As is, the state’s supervision of sex offenders once their prison time concludes has become less effective in recent years, even as the registry has expanded. One reason: Under state law, no more than one sex offender on parole may live in a single-family home or apartment. That restriction goes away after parole is completed, although other prohibitions about where sex offenders can live, work and visit continue to apply.

In part because of that restriction, many offenders eligible for parole cannot find a suitable place to live. So they stay behind bars during the period when they would be making the transition from prison back into the community. More than 1,000 offenders are serving their parole time in prison right now.

At the end of their parole, the prison door swings opens, they walk out and they have no supervision. All they need to do is sign up for the registry. That’s an abrupt and dangerous shift from prison rigor to unsupervised freedom. Illinois would better protect its citizens by supervising sex offenders after their release from prison, and keeping the most dangerous offenders in prison for a longer time.

A few offenders are held under civil commitment orders, after their sentences conclude, when a judge finds that they are still a serious danger to the community. Some convicted of particularly heinous crimes get lifetime supervision. Civil commitment is a drastic step, but it’s probably warranted more often than it is used in Illinois. The state can make a wider range of offenses eligible for lifetime supervision. A little-used statute aimed at habitual criminals should be amended to require longer supervision for repeat sex offenders.

Monitoring by no means guarantees someone won’t commit another sex crime, but it can reduce the risk if the officers in charge of monitoring have reasonable caseloads. Such steps as random address checks and periodic drug tests constantly remind a convict that he or she is being watched.

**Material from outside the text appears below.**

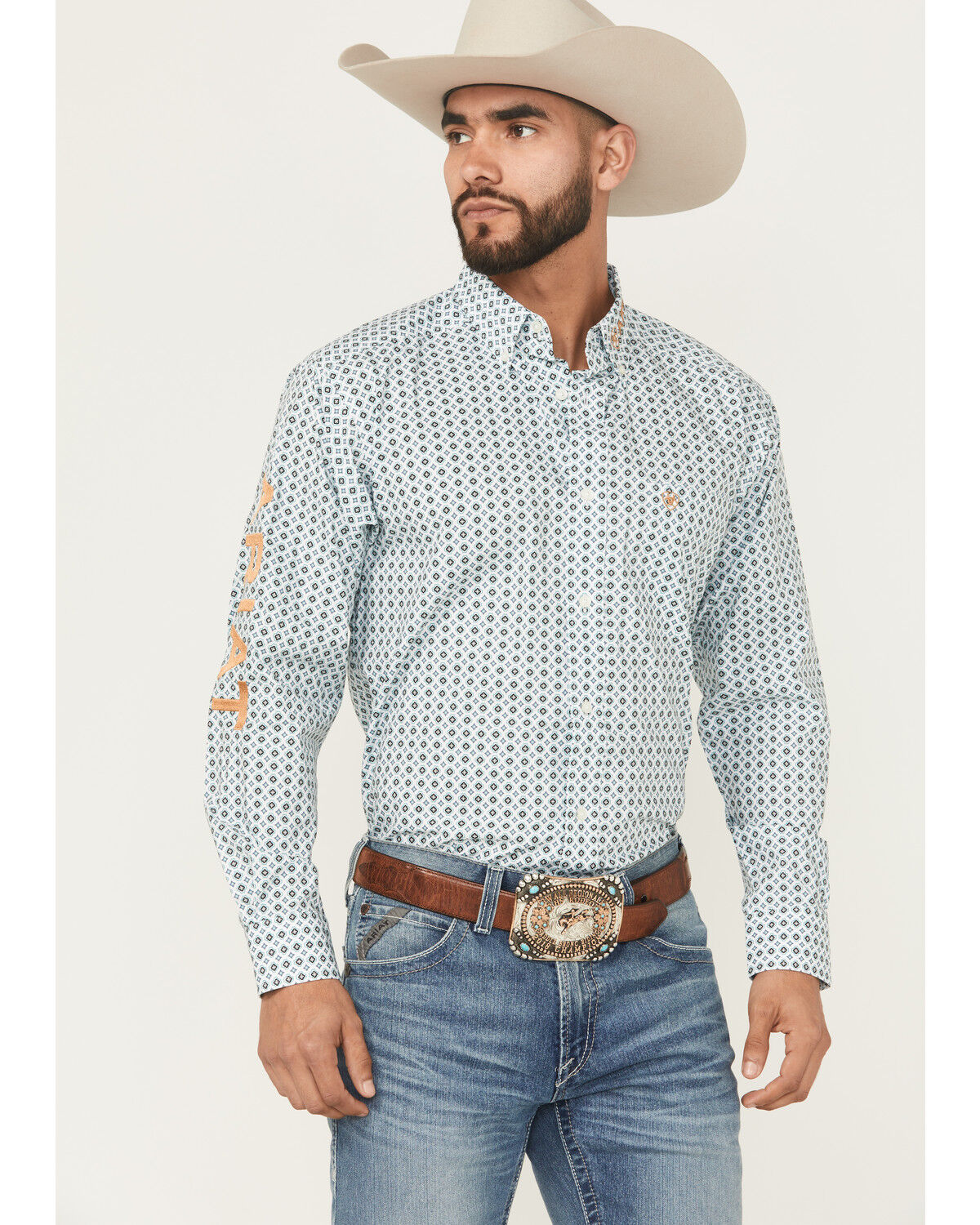 Image #2 - Ariat Men's Team Franklin Geo Print Long Sleeve Button-Down Western Shirt - Big, Blue, hi-res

Another step: Pull the plug on the state Sex Offender Management Board. This was created 14 years ago by the Legislature, with a mandate to develop tracking and monitoring systems for offenders.

The board has made no progress. It has no plan to monitor sex offenders, no timetable, nothing even on the drawing board. It has no staff and a tiny budget.

The Department of Corrections and the attorney general’s office are better equipped to handle the limited functions of the board. So disband the board and let the pros take over.

State Sen. William Haine, D-Alton, a lead sponsor of one registry bill, says he can craft legislation that will meet the demands of the federal law, step up strategic supervision of sex offenders, and provide an overall safer environment in the state. Let’s get it done this year.